= Exercise aim =
Return exactly the lines of the entries that start at the line containing "CaseCompany Mono M: Xiaomi" and continue to the last line. Omit the pictures.

= Short web captions =
......
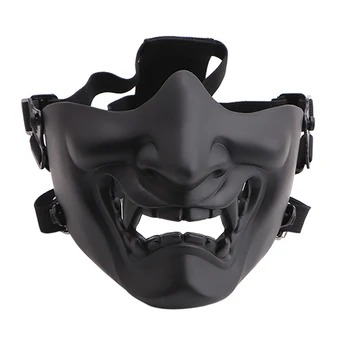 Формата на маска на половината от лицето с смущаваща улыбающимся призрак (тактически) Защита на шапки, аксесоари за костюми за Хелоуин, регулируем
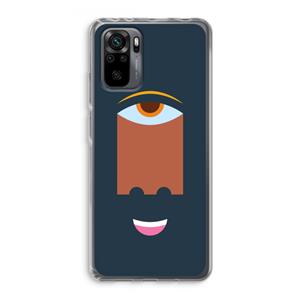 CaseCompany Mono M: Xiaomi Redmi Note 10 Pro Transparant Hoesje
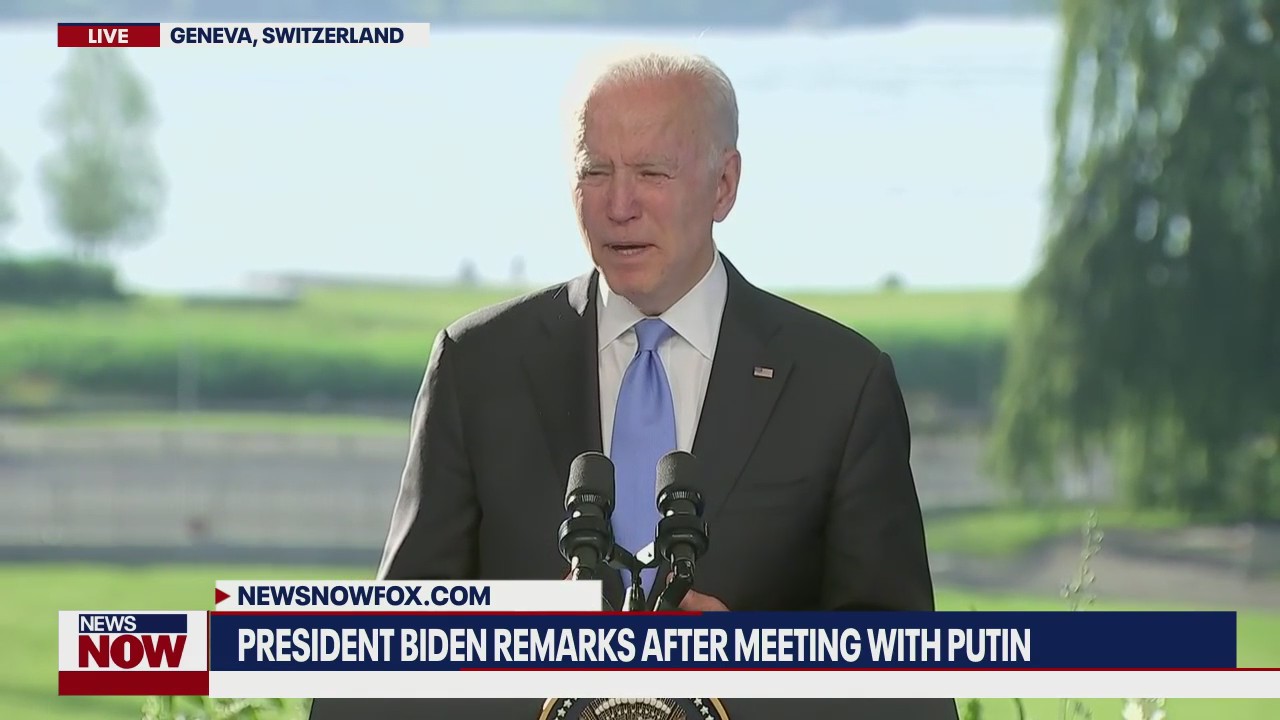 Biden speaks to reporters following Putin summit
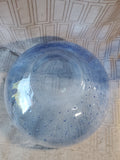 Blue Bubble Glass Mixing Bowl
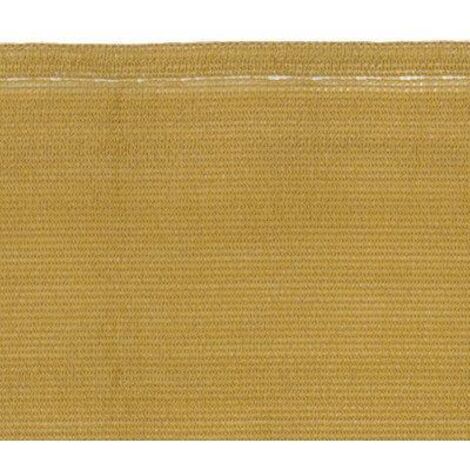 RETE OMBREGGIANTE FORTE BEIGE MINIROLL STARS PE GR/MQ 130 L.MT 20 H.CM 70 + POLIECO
......
= Answer area =
 CaseCompany Mono M: Xiaomi Redmi Note 10 Pro Transparant Hoesje
 Biden speaks to reporters following Putin summit
 Blue Bubble Glass Mixing Bowl
 RETE OMBREGGIANTE FORTE BEIGE MINIROLL STARS PE GR/MQ 130 L.MT 20 H.CM 70 + POLIECO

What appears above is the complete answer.